Yuuki sat up and stared at the word. It meant so many things and so few at the same time. Olympic trials day. She had to get Zero ready, get herself ready, do a million things before marshalling started at nine. The girl collapsed back into bed and stared at the ceiling. Her phone started yelling again, the snooze only set to a few minutes.
"Shut up..." She groaned and swung her legs over the bed.
Yuuki stumbled into the shower and then into a pair of jeans and an Elmo shirt before falling out the door into the crisp haze of morning. Once in the stable, she was greeted by the warm smell of horses. They were always awake it seemed, always perkily so as well. Zero's alertness annoyed her.
"You're awake. And you're not even nervous. Bet you slept like a log last night, you didn't even stare at the ceiling for hours going through that dressage routine over and over again..."
As she continued to complain, Zero continued to set her at ease. His steadfast nature calmed her. Trial day had always put Yuuki on edge. Always. Her legs felt like jelly and her head was light. Her hands shook as they plaited her horse's main and her stomach pretended it was a ship on the high seas.
"An Elmo t-shirt?" A friendly voice called.
Yuuki turned. The girl at the stable door was smiling in a friendly manner, leading a big chestnut.
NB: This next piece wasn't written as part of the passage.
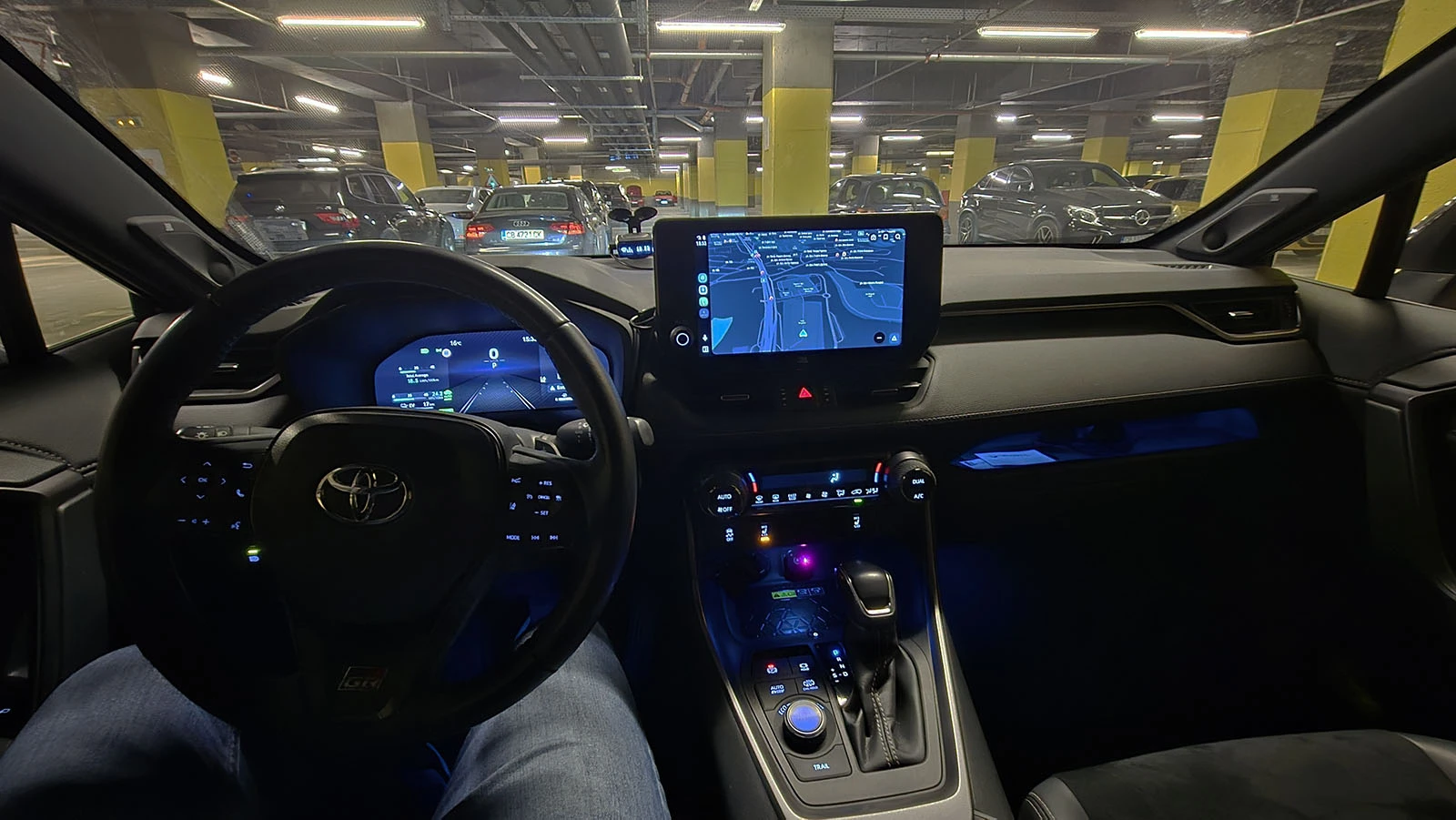 Toyota Rav4 GR Sport / Bi tone, снимка 11 - Автомобили и джипове - 54008574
"Suki?" Yuuki asked, tying the last elastic around Zero's mane.
"Of course. Who else would be here to challenge your domain?" Suki grinned and leaned on the door. "I haven't seen you since Beijing."
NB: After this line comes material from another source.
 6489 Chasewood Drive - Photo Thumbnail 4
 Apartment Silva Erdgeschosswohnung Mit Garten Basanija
"I know." The girl tucked a stray hair behind her ear. "I'm sorry."
Suki had been Yuuki's eyes and ears of the Olympics, a veteran of the scene; she had led the newcomer through the stages of godlike competition. The woman was at least ten years the Cunxin's senior, short and stock with hair that curled tightly into a pony-tail.
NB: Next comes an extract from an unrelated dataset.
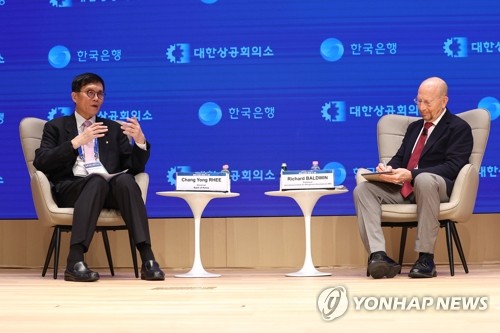 이창용 "제조 생산기지 해외 이전…서비스업 개발해야"_김정현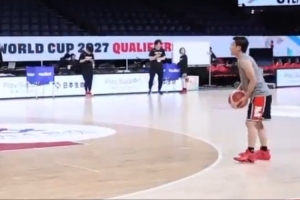 富永启生踩场手感不俗！媒体人：典型神经刀射手  需重点“照顾”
"So, how you been?" Suki asked.
"Tired." Came the bleary reply. "In London no one woke up until seven and I never really adjusted back."
"Yeah, I heard you went to London. Some tiff with your family?"
"Something like that."
"Is it resolved now?"
Yuuki chewed her bottom lip momentarily. "It's on hiatus."
Suki's eyes went wide. "It's that Ootori fellow, isn't it?"
"How on earth do you know that?" The younger girl slid a halter over Zero's head.
"I know everything. My husband owns the news networks."
"Oh. Yeah, I remember you mentioning that..." Pause. "A couple THOUSAND times."
They both laughed, Suki knew when to drop a topic. "So, you good to go today?"
"Niggles with a pirouette in the dressage, but other than that. How about you?"
"Niggles with the cross country."
The girls put their fingers together and wiggled them. Niggle had been their word throughout the Olympics and old trends never die. They giggled.
"You never grew up did you?" Yuuki slid the door open and joined her friend.
"Nope. Compensating for you."
"What does that mean?"
"You were never a child." Suki wrapped her free arm around Yuuki's shoulders. "We complete each other."
"Ew." The girl unwrapped the arm. Intimacy was a no-go zone. It frightened her. It meant that she was vulnerable and open to another attack on her being. "You're married."
The woman leaned in, close to her friend's ear. "Soon to be a crowd."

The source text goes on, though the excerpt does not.